Given records:
◇ ◇ ◇ ◇ ◇
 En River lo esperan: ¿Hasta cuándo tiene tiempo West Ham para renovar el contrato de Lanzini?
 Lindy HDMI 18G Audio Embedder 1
◇ ◇ ◇ ◇ ◇
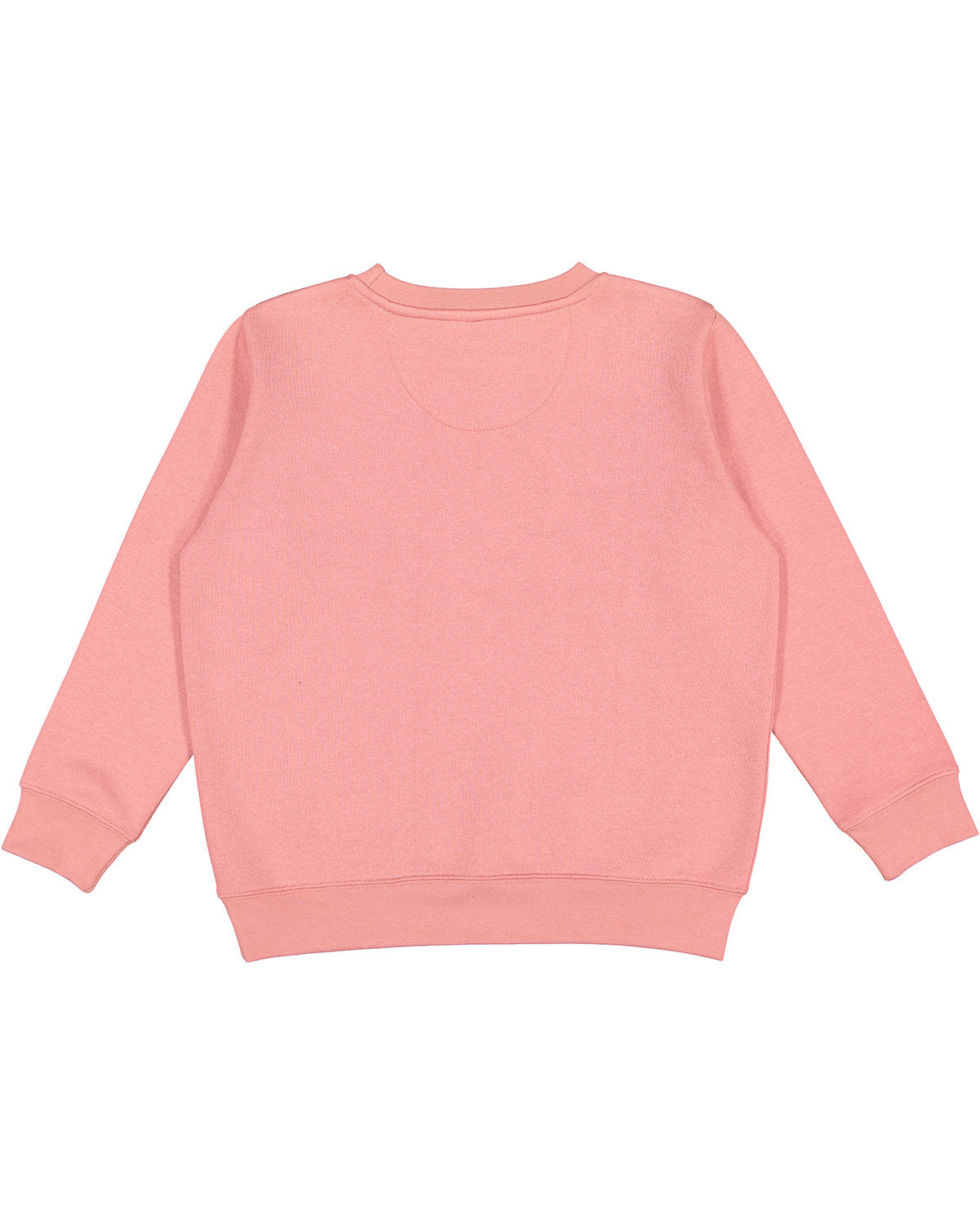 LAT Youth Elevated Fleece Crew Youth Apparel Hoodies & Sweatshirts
◇ ◇ ◇ ◇ ◇
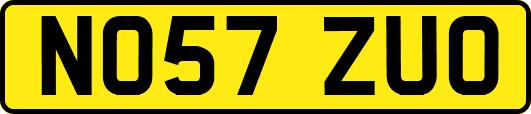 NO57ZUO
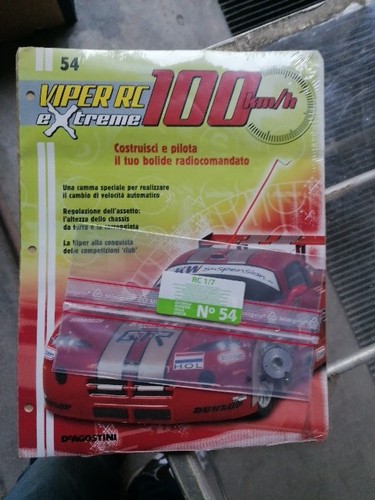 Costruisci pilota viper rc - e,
◇ ◇ ◇ ◇ ◇
Exercise description: Extract from the records above the lines from the one containing "En River lo" to the one containing "Lindy HDMI 18G Audio Embedder 1", both lines included, exactly as they appear and with nothing else.

Solution for this task:
 En River lo esperan: ¿Hasta cuándo tiene tiempo West Ham para renovar el contrato de Lanzini?
 Lindy HDMI 18G Audio Embedder 1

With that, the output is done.